__Problem statement__:
Line by line, repeat the data below exactly, beginning at the first line and ending at the line with "And you can". Omit pictures.

__Data below__:
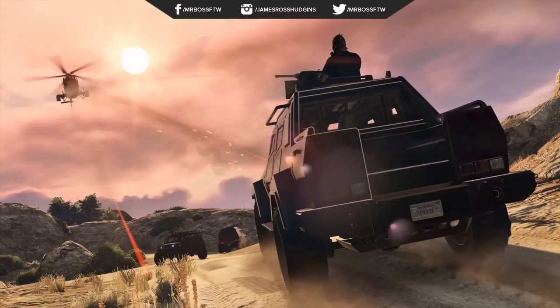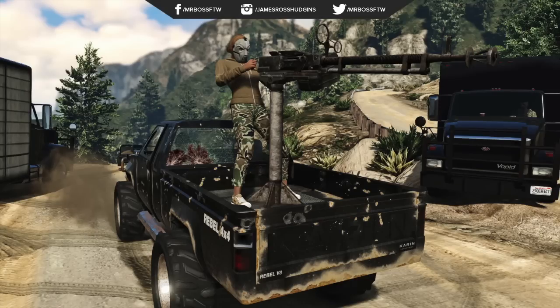The Karin Rebel has some crazy customization options, but I never expected anything like this. Look at the machine gun mounted on the back of that truck — that is absolutely crazy. I'm sure that's gonna be like a truck bed attachment or option you could choose to put on your vehicle. Imagine escaping a heist and being able to fire at your enemies with that. Rockstar has really outdone themselves in terms of extra vehicle mods and customizations.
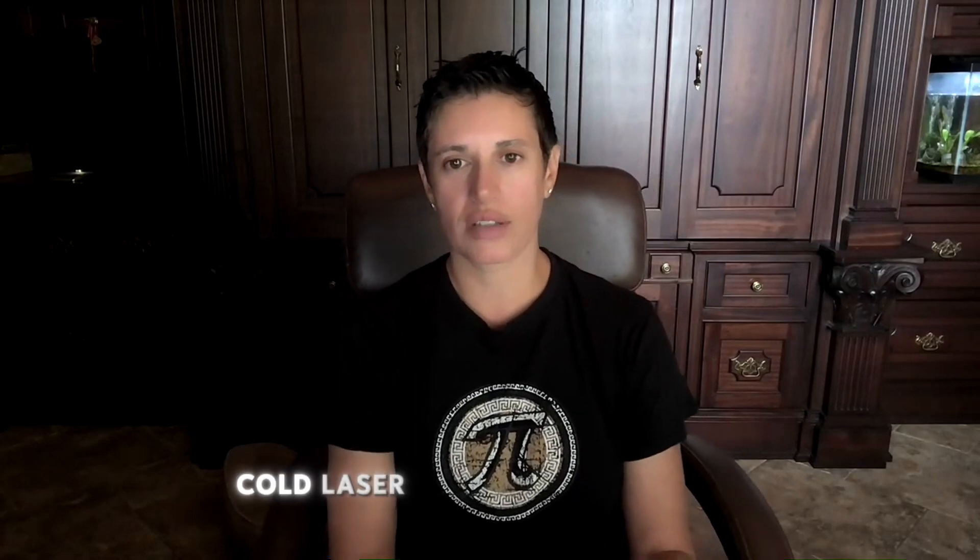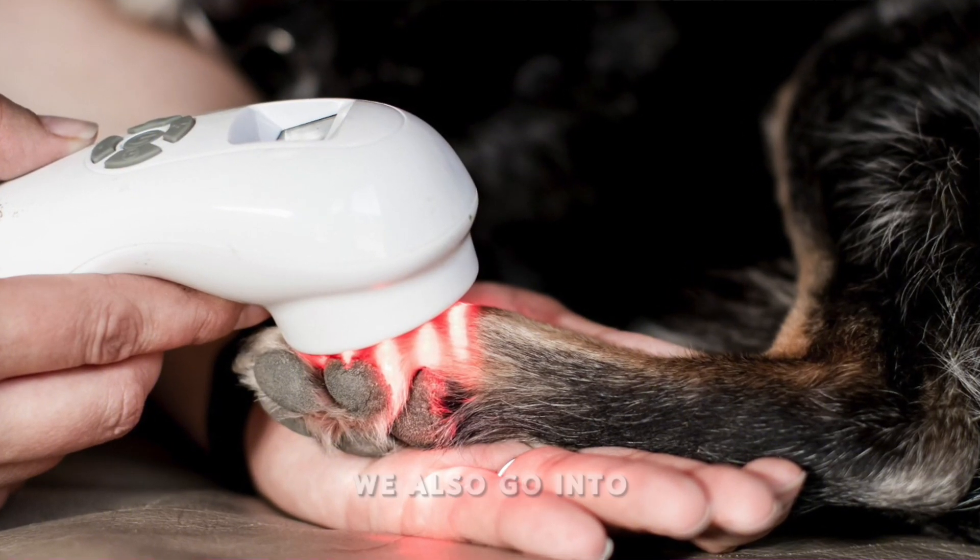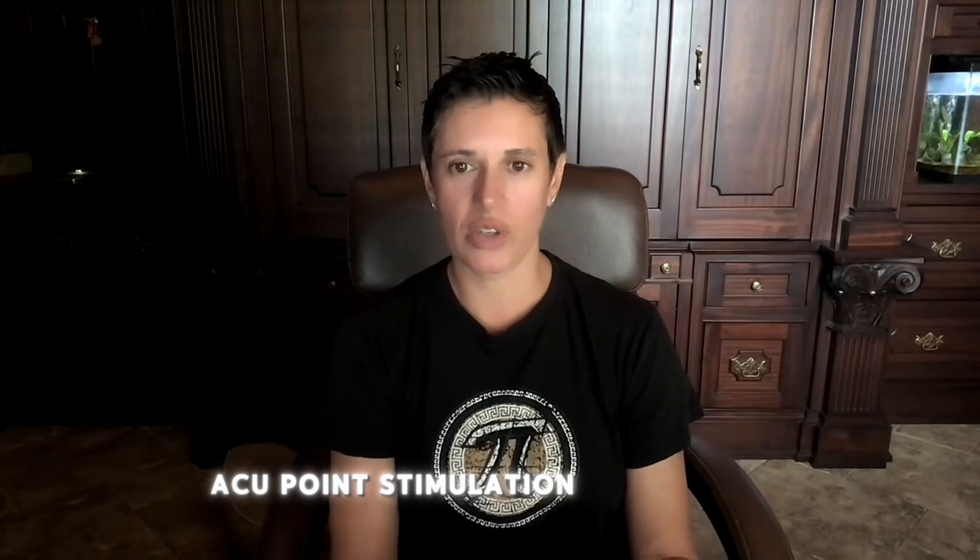And you can pick between our cold laser certification course — and that course actually goes into more than just cold laser. We go into red light therapy. And a super cool thing about that course is we also go into acupoint stimulation using laser. So it's really neat. It touches on Chinese medicine, the different meridians.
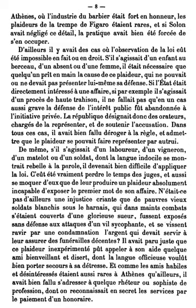Sentence spacing is the space between sentences in typeset text. It is a matter of typographical convention. Since the introduction of movable type printing in Europe, various sentence spacing conventions have been used in languages with a Latin alphabet. These include a normal word space as between the words in a sentence, a single enlarged space, and two full spaces.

__Solution to this task__:
The Karin Rebel has some crazy customization options, but I never expected anything like this. Look at the machine gun mounted on the back of that truck — that is absolutely crazy. I'm sure that's gonna be like a truck bed attachment or option you could choose to put on your vehicle. Imagine escaping a heist and being able to fire at your enemies with that. Rockstar has really outdone themselves in terms of extra vehicle mods and customizations.
And you can pick between our cold laser certification course — and that course actually goes into more than just cold laser. We go into red light therapy. And a super cool thing about that course is we also go into acupoint stimulation using laser. So it's really neat. It touches on Chinese medicine, the different meridians.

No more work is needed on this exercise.